On the day that Billy Graham died, I heard him preach

by DanWolgemuth on February 23, 2018

At 7:33AM Eastern Time, on February 21st, Billy Graham, the first, full-time Evangelist in our Youth For Christ mission tugged oxygen out of his last breath, and then marched humbly into glory. Graham, a profound amplifier of the name and fame of Jesus the Christ. Graham, by his own admission, a sinner, saved by grace.

In 1946, a 27-year-old evangelist positioned himself behind Youth For Christ lecterns across the United States. God was on the move. In Billy. And then, through Billy. The words rolled, the Spirit moved. Anointed is the only explanation. Anointed to proclaim. Not his message, but God’s. Sin. Grace. Repentance. Forgiveness. Restoration. Hope.

So seasoned with mercy, so saturated with conviction.

Billy moved on from Youth For Christ… but he didn’t. Not because of his persona, but because he drove an immoveable stake in the ground for our mission. The Gospel of Jesus. The preeminence of Christ in all things. Billy hit bedrock, and he made certain that our anchor held secure.

Nine hours later, on February 21st, I sat in the back of a small meeting room. Nine young men in yellow jump suits sat in front of me. Nine. Young. Men.
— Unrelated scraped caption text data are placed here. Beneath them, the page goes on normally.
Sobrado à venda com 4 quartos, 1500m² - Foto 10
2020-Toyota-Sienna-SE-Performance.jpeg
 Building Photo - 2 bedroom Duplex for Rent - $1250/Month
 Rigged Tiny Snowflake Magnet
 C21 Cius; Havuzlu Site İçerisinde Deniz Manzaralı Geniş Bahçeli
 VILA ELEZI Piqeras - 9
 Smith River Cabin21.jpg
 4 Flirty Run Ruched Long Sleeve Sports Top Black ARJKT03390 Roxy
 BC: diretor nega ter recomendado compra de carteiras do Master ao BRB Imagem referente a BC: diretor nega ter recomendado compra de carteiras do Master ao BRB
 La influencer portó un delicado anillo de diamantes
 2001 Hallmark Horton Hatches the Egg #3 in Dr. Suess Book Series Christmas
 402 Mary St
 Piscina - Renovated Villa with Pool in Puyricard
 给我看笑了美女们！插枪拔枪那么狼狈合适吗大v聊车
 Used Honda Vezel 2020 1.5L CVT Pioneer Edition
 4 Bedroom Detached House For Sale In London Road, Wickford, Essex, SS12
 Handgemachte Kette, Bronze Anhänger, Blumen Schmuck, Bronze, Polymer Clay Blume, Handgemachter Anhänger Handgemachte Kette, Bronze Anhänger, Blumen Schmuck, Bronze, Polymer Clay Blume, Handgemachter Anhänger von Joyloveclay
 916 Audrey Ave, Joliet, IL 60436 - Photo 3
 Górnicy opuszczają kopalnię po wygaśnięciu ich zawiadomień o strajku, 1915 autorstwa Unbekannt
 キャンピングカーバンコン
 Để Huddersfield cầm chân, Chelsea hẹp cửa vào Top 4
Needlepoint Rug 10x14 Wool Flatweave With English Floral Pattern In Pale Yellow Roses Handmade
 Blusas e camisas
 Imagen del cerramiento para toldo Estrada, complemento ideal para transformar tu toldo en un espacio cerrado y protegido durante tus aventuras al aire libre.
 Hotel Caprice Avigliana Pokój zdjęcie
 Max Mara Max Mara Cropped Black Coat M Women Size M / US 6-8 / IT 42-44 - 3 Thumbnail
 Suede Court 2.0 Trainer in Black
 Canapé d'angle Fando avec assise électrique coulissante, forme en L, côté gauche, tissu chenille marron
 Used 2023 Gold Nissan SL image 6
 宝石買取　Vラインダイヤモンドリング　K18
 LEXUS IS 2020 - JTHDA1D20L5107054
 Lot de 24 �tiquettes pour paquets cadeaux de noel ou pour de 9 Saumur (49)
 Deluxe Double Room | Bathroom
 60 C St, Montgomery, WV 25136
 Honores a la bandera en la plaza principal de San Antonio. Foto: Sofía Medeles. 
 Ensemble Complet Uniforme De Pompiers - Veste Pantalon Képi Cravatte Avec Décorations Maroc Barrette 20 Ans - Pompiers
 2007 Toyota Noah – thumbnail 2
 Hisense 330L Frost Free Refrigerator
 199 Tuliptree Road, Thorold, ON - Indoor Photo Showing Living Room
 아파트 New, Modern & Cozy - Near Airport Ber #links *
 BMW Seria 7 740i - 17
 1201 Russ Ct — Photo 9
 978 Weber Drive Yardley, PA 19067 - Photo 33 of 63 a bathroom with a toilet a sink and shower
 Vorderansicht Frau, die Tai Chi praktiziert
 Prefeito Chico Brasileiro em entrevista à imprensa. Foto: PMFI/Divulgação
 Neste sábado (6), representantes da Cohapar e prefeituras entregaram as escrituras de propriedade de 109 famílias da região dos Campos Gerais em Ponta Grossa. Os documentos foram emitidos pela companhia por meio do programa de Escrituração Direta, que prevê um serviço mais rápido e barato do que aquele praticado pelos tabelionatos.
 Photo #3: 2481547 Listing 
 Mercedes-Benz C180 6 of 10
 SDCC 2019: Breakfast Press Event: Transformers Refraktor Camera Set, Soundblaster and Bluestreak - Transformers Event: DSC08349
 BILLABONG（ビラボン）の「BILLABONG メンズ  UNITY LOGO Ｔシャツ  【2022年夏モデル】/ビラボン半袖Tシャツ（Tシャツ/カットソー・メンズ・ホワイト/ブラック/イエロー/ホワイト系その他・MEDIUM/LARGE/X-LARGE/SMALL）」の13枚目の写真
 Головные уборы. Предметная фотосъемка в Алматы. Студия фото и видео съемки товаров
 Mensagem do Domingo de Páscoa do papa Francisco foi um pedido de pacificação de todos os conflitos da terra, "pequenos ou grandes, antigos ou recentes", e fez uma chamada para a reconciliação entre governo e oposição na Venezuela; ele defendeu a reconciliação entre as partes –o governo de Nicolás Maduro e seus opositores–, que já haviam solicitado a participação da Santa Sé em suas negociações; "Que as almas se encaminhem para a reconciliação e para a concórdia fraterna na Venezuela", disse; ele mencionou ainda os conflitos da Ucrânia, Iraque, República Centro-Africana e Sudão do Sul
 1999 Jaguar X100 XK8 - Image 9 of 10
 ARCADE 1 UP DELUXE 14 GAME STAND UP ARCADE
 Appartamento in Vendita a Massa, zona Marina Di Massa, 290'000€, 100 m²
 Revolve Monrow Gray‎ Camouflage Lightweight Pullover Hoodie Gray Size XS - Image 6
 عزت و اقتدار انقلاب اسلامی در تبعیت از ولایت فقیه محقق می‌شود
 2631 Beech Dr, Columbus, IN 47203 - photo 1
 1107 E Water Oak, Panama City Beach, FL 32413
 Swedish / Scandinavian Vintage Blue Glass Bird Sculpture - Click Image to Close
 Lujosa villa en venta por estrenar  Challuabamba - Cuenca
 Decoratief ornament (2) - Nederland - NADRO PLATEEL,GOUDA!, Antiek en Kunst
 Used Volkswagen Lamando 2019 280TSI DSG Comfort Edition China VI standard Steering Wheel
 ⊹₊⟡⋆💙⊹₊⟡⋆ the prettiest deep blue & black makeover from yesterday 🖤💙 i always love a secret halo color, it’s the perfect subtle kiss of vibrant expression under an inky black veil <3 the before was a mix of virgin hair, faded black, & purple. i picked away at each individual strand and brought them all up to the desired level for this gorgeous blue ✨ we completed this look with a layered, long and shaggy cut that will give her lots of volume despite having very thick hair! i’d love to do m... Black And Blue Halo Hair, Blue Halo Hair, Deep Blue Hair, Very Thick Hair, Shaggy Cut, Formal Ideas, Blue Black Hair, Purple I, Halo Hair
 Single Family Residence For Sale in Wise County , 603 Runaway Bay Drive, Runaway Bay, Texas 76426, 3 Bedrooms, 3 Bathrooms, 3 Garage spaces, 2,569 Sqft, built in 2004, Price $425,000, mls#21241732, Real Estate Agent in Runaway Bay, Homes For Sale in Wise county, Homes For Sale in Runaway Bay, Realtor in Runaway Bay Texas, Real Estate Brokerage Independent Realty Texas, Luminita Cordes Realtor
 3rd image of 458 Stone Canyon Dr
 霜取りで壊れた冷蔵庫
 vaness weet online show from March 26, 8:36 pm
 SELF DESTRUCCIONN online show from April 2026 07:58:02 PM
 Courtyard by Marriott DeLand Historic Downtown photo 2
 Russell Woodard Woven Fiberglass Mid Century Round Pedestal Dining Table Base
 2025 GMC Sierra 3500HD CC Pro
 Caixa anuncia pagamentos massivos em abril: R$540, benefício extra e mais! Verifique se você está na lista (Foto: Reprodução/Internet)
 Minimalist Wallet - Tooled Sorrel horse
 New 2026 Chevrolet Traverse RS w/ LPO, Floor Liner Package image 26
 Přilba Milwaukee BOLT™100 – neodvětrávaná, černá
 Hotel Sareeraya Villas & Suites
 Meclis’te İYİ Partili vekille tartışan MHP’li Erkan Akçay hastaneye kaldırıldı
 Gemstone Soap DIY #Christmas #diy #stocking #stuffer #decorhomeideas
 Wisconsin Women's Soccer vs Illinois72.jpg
Alex, Chris and Stan made certain that all of them knew that God loved them. That God listened to them. That grace was sufficient for them.

Nine young men listened intently, reverently, hopefully… they clung to the words of grace in desperation.

A conviction and a sentence had not isolated them from mercy and grace.

On the very same day that Billy Graham stepped into glory, his legacy crashed on the shores of Wyandotte County Detention Center. Instead of death silencing his voice, it amplified it.

Young men listened… men who could hardly look more different than Billy Graham. Young men who had nothing in common with a North Carolina farm boy. Except sin, and grace, and Jesus.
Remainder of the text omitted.